Thursday, August 17, 2006

“Wild Spaces” in Western Culture and Churches

(In “Ethical Metaphors” I hinted that the metaphors of the liturgy are ethical in direction, but in order to have converting torque in the assembly’s life they need deepening attention to the “wild spaces.”)

I’ll admit I am a contender for the liturgy—the patterned enactment of praise and prayer to the triune God around central public symbols. I will also admit that I and many who find deep meaning and formation in praying the liturgy do not consistently pay attention to God’s heart of love for life in all its forms.

Wherever I worship I am continually struck but the meagerness of the assembly’s prayers—whether or not they are “liturgical” communities. (I will say that those who are liturgical generally engage in a form of encompassing and expansive intercessions. However,...) Liturgical worship or not, the circle usually seems small: family, relatives, friends we know, and maybe our troops or hurricane victims. Seldom are there voices raised for the people caught as victims of war, poverty, genocide, AIDS, addiction, and displacement. Even more infrequent is there a voice beseeching heaven for the earth abused by human over consumption.

Liturgy as cult practice must connect with our shadow side; that is, liturgy must attend to the prophetic voice. Cultus and prophets have always been in an essential tension. Without cult, the prophets have nothing to rail against. Without prophets, the liturgical cultus becomes a wasteland of self-absorption while pretending to be worshiping in the name of God. This interdependence and interaction is what I so often find missing in much of the worship in which I participate. Either the prophet is unleashed and the liturgy dismissed, or the warm familiarity of our liturgy or “our praise and worship” is piously savored and the prophets barred at the door. I feel it is safe to say that is more the rule than the exception.

The prophet’s are the heralds of the “wild spaces.” Wild spaces are where one does not fit the white, male, Western, heterosexual, youthful, educated, able-bodied, middle-class and successful definition of “human being.” (See embedded image above.)

As an retired, aging, increasingly less able-bodied male, I am discovering that I less and less fit this mold. The parts that no longer matches the hegemonic definition is my “wild space.” I just walked up the street from Pike Place Market to my lodging in Seattle. I saw lots of people whose humanity had little overlap with the hegemonic definition. Big wild spaces! (By the way, I came across this concept in Sallie McFague’s Life Abundant--Fortress Press.) Can those wild spaces enter our attention in liturgical prayer? Will our churches find ways to pray the wild spaces?

Watch out for them! They will destabilize your status quo. Wild-spaces open windows to see Western culture from different perspectives and inviting us to reconsider it.
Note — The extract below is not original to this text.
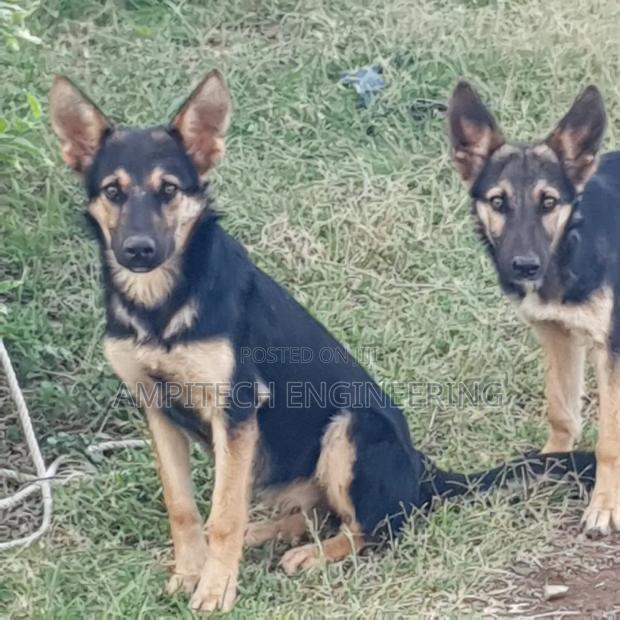 3-6 months Female Mixed Breed German Shepherd - thumbnail 5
What is so much of the struggle in the North American churches and culture about? It is about God’s inclusion of the bits and pieces of being “created in the image of God” that the hegemonic definition does not include! (“No, Virginia, I am not only referring to sexual orientation!”) This struggle is concerned with the prophetic breaking in upon the coziness with which we like to tame the liturgy. The liturgy itself is not tame; indeed, I am convinced that the God who breathes it into us and empowers its enactment is wilder and more dangerous that our captive imaginations will allow. Remember Annie Dillard's comments about how worshipers act like they are arranging deck chairs on the Titanic when they should be putting on helmets and launching the life boats.

Baptism, Eucharist and Ministry, the consensus document of the World Council of Churches, summarizes this well when it says: (

E26. As it is entirely the gift of God, the eucharist brings into the present age a new reality which transforms Christians into the image of Christ and therefore makes them his effective witnesses. The eucharist is precious food for missionaries, bread and wine for pilgrims on their apostolic Journey. The eucharistic community is nourished and strengthened for confessing by word and action the Lord Jesus Christ who gave his life for the salvation of the world. As it becomes one people, sharing the meal of the one Lord, the eucharistic assembly must be concerned for gathering also those who are at present beyond its visible limits, because Christ invited to his feast all for whom he died. Insofar as Christians cannot unite in full fellowship around the same table to eat the same loaf and drink from the same cup, their missionary witness is weakened at both the individual and the corporate levels. [emphasis added]

The resistance to the salvation of God's world—this world, this whole world, this beloved world—requires that worshipers pay attention, not only to the central things, but to God’s open doors and to the wild spaces to which we tend to be blind and deaf.

How will worship around central things in your community enact God’s open doors this coming Sunday?